Dans une tribune publiée dans le journal Le Monde le 12 avril, les Cinéastes de L’ARP alertent sur le risque de perdre la souveraineté culturelle à l’heure où les plateformes étrangères se renforcent et où l’avenir français de Canal+ s’assombrit.
Dans cette crise sanitaire, économique et sociale qui touche le monde entier, « il semble plus que jamais nécessaire de penser notre avenir commun », écrit L’ARP. « En ces heures difficiles, chacun mesure à quel point les films et les séries apparaissent comme une échappée importante pour la bonne santé des esprits. Et il faut espérer que demain, l’appétit pour la salle de cinéma et son irremplaçable voyage collectif sera encore plus grand. »

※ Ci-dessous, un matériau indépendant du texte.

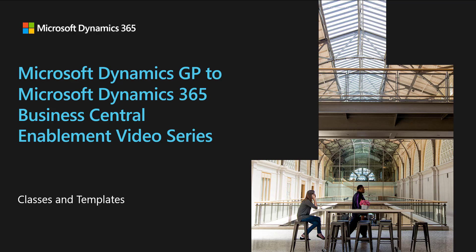In this video, we're going to talk about classes in GP and compare that to the experience in Business Central, where we will use templates to streamline the creation of new customers, vendors, and items.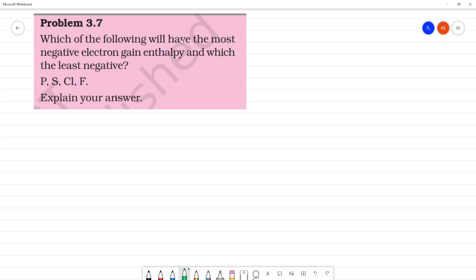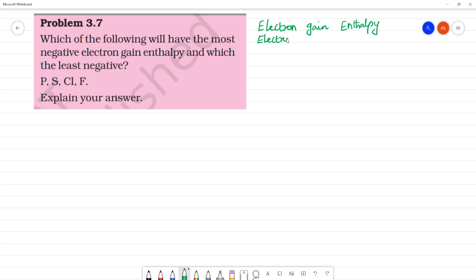Which of the following will have the most negative electron gain enthalpy and which is least negative? What is electron gain enthalpy? Electron gain enthalpy, or electron affinity, is the energy released when an electron is added to a neutral gaseous atom.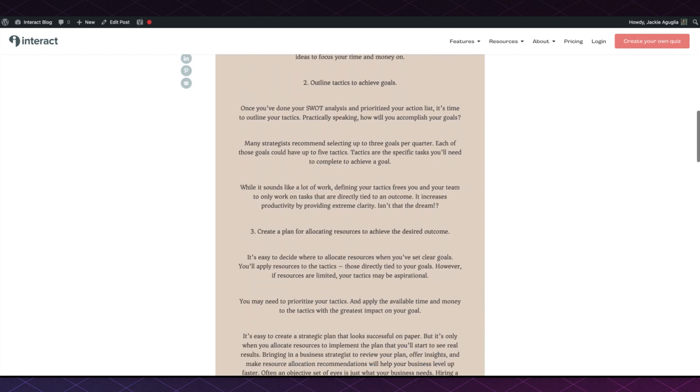As long as the preview is to your liking, make sure you publish your blog. And that's it, you've embedded a quiz onto your blog post.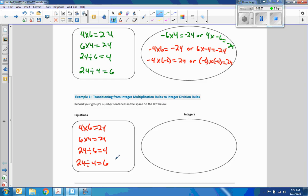Now using the integer multiplication facts in their integer bubble to create six related integer division facts, group members should discuss the inverse relationship and the resulting division facts based on each multiplication equation. We need to make one negative, so let's start with negative 6 times 4, and that's going to equal negative 24.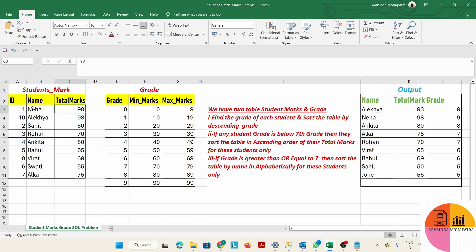For example, 98 is the total mark for Neha. This total mark of 98 falls between the minimum mark of 90 and maximum mark of 99, which corresponds to grade 9. So Neha has 98 marks and a grade of 9. We have to align all these marks to a grade using the minimum and maximum mark columns.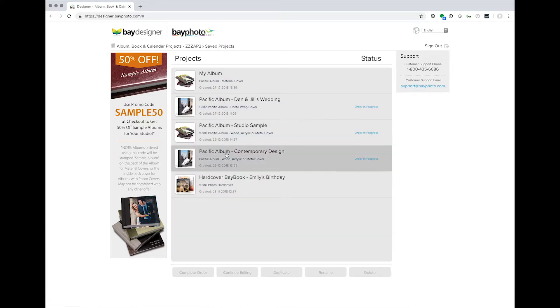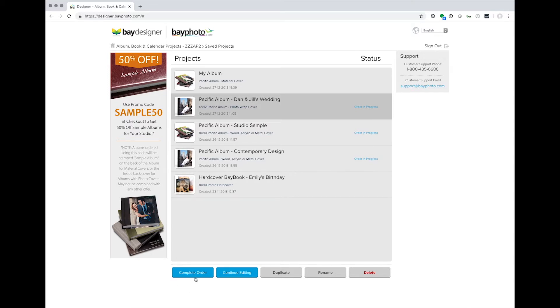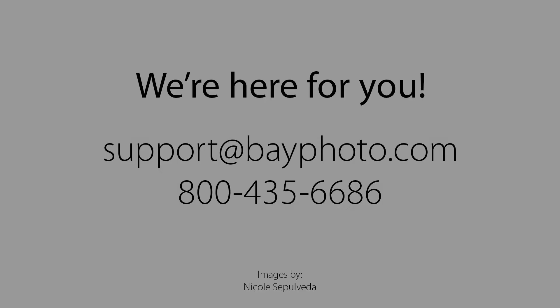You'll be shown a list of all the projects you have created. From here, you can choose a project and complete ordering, continue editing, duplicate, rename, or delete.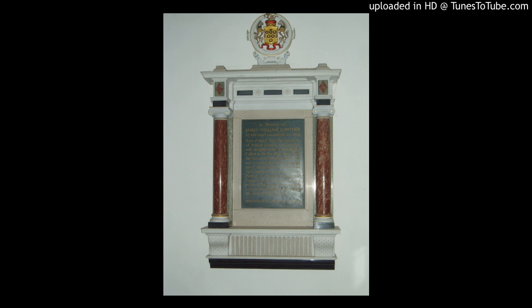Set in the floor of the nave, near the chancel steps, is the memorial brass of Sir Alexander English, rector of this church from 1447 to 1504. This rare brass, which depicts a priest in full canonical robes, is one of only four in Suffolk.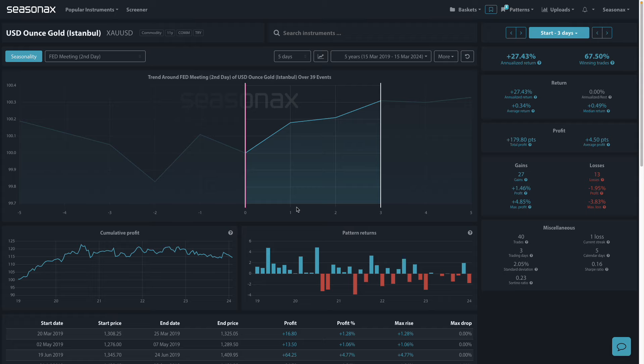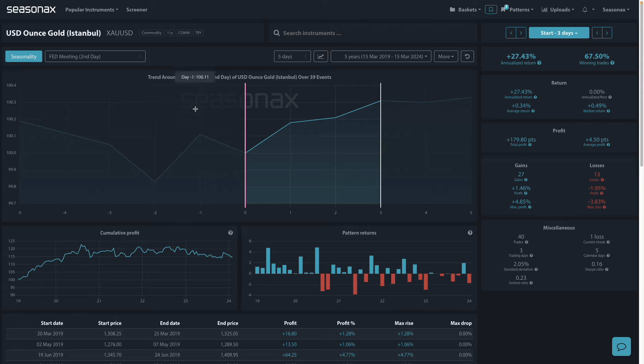Gold tends to have an inverse relationship with fiat currencies, particularly during periods of high inflation. As the value of paper money declines due to inflation, the relative value of gold often increases, making it an attractive hedge against purchasing power erosion.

Aujourd’hui, les Cinéastes observent deux phénomènes autour du cinéma : d’abord, le succès des plateformes de streaming, principalement américaines, qui profitent du confinement pour augmenter leurs recettes alors « qu’elles ne payent pas d’impôt en France et que l’État et les citoyens vont devoir s’endetter pour survivre à la crise ». Ensuite, les belles audiences des films de patrimoine sur les chaînes nationales gratuites, « preuve de la vivacité et de la nécessité de cette expression culturelle dans le cœur des spectateurs hexagonaux. […] Plus personne ne peut aujourd’hui douter de l’importance de ce joyau : il s’agira à l’avenir de consolider et rendre pérenne ses moyens. »
Canal+ et directive SMA
L’ARP ne cache pas sa crainte pour l’avenir du « troisième cinéma du monde », malgré les réponses apportées par le CNC et la demande des professionnels de créer un fonds exceptionnel d’urgence. La première crainte des Cinéastes concerne Canal+, qui envisage de libérer sa fréquence hertzienne « au même moment où le Chinois Tencent a préempté une partie du capital d’Universal Music – également filiale de Vivendi ». L’hypothèse d’une revente de la chaîne cryptée à un opérateur étranger apparaît plus que jamais d’actualité pour L’ARP. Les Cinéastes demandent au gouvernement d’édicter un décret « interdisant la revente de catalogues d’œuvres cinématographiques françaises à un opérateur non-européen ». « Peut-on en effet imaginer que des œuvres souvent cofinancées avec de l’argent public, appartenant au patrimoine national et à la mémoire collective, puissent tomber entre les mains de sociétés étrangères ? Le spectateur français serait alors à la merci du bon vouloir de cette entreprise étrangère, et de sa volonté de diffuser ou non ces films en France. »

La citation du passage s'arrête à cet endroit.